К обычному разбору
Тренировка по собеседованиюСобеседованиеinDrive2025-10-03

inDrive: Финальное собеседование

Идите сверху вниз: сначала попробуйте сами, затем откройте разбор. Если шаг с кодом, пишите решение прямо здесь и запускайте проверки на странице.

Шагов
1
Вопросов
1
Задач
0
1Кейс18 мин

ML System Design

Design a semantic search layer for geo/address suggestions where users can type categories like "cafe" and expect restaurants, POIs and relevant addresses across many languages.

Ответьте без подсказки

Сначала проговорите ответ вслух или тезисами.

Запишите черновик

Формулы, план решения, риски и примеры.

Сравните с разбором

Откройте разбор только после своей попытки.

Показать разбор

Короткий ответ

Combine structured geo data, category normalization, multilingual query understanding, lexical/vector retrieval, deduplication, ranking and latency-aware serving around the existing search engine.

Подробный разбор

Start from data: OSM, internal address/POI data, partner data and Overture-style datasets. Normalize names, addresses, categories, languages, coordinates, polygons and provenance. Deduplicate across providers and keep freshness pipelines.

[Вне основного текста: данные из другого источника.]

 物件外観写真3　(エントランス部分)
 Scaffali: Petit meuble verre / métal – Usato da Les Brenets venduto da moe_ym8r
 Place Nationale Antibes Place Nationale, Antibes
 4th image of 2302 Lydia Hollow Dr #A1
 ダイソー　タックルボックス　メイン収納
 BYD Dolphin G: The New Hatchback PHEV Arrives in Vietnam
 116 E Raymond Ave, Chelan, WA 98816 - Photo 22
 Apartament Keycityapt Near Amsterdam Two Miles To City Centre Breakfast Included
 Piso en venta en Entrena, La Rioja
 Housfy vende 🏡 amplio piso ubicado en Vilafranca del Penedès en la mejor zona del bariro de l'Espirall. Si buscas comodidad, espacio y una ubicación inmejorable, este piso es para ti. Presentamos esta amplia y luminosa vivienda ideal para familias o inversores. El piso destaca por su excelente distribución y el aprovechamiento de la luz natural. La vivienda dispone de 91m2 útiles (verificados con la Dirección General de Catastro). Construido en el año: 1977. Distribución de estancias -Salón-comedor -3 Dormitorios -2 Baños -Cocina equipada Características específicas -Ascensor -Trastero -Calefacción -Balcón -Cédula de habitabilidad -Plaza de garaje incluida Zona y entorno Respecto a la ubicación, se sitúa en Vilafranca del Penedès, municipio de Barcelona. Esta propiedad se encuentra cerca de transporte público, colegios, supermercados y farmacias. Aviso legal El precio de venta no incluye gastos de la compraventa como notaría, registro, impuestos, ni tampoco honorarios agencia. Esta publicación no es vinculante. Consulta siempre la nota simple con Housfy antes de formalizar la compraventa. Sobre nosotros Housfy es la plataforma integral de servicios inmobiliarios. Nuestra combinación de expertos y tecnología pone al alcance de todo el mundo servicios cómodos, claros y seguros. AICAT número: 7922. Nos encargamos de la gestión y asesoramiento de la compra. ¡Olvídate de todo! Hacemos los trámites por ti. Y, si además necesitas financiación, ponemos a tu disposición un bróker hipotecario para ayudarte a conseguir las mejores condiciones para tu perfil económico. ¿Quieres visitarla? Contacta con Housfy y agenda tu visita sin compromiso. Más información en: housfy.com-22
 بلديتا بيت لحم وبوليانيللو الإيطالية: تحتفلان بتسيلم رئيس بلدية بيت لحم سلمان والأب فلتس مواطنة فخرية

For retrieval, keep lexical search for exact addresses and POI names, then add category and semantic matching. Category understanding can be a multilingual classifier or embedding model mapping queries and synonyms to POI categories. Vector retrieval can complement OpenSearch/BM25, but exact address behavior must not regress.

Ranking should combine distance, textual match, category confidence, popularity, availability, viewport/city context, safety/geofence constraints and provider confidence. Serving must respect autocomplete latency, so heavy ML is often offline enrichment or a cached lightweight online call.

Типичные ошибки

  • Replace exact address search with embeddings only.
  • Ignore multilingual synonyms and provider deduplication.
  • Add an online Python model call in autocomplete without latency design.

Как сказать на собеседовании

  • Separate exact address search from semantic category search.
  • Mention data normalization and deduplication before model choice.